PaperHub
5.5
/10
Rejected4 位审稿人
最低5最高6标准差0.5
6
5
6
5
4.5
置信度
ICLR 2024

LatentWarp: Consistent Diffusion Latents for Zero-Shot Video-to-Video Translation

OpenReviewPDF
提交: 2023-09-17更新: 2024-02-11

摘要

关键词
diffusion modelvideo generation

评审与讨论

审稿意见
6

This paper introduces LatentWarp, a framework for zero-shot video-to-video translation using image diffusion models. It addresses the challenge of maintaining temporal consistency in generated video frames. LatentWarp focuses on constraining query tokens for temporal consistency. It achieves this by warping the latent features from the previous frame to align with the current frame using optical flow information. Extensive experiments confirm the superiority of LatentWarp in achieving high-quality video-to-video translation with temporal coherence.

优点

The introduction of the LatentWarp framework offers a novel approach to zero-shot video-to-video translation. LatentWarp emphasizes on preserving temporal consistency during video frame generation, achieved through optical flow and warping operations, significantly enhances temporal coherence, which is a crucial aspect of video generation.
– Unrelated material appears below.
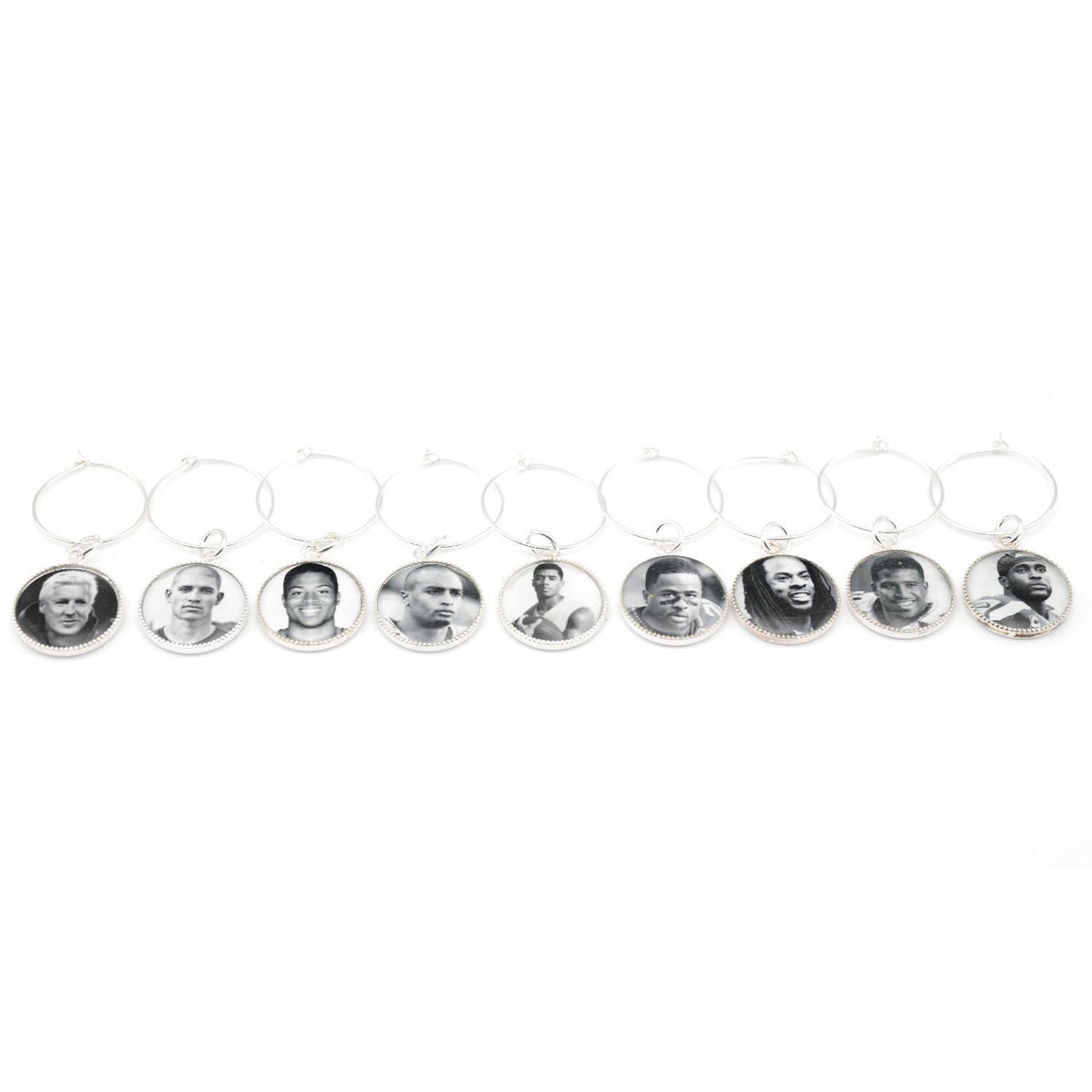 Seattle Seahawks Wine Charms - READY TO SHIP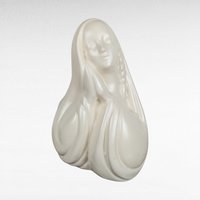 Vintage Ceramic Madonna Music Box Planter, Religious Music Box, Figurine Planter, Unique Gift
The writing is good, and the structure of the paper is clear.

缺点

I find this method to be quite intuitive. My concerns mainly pertain to the experimental aspects:

  1. Data-related issues: The authors do not compare their method to datasets used in their previous work like "tune-a-video." This omission may undermine the fairness of the experimental results.

  2. Base model choice: The authors employ ControlNet as the base model instead of using LDM directly. ControlNet offers strong structural control, which might make the improvement from LatentWarp seem relatively small. It would be beneficial to provide experimental configurations with LatentWarp combined with LDM or Tune-a-Video to showcase this point.

  3. Quantitative data details: The authors seem to have omitted reporting the sizes of the datasets used in their quantitative experiments.

  4. Compared methods: It is advisable for the authors to compare their method with a broader range of existing approaches, such as Video-P2P and more recent methods.

  5. Supplementary material: The authors have not provided corresponding video supplementary materials to visually assess temporal consistency.

  6. User surveys: The authors did not provide user surveys as prior works have done. This is important to evaluate the visual effect.

  7. Running costs: Editing time and GPU resource consumption, should be reported and compared to help readers understand the resource requirements and efficiency.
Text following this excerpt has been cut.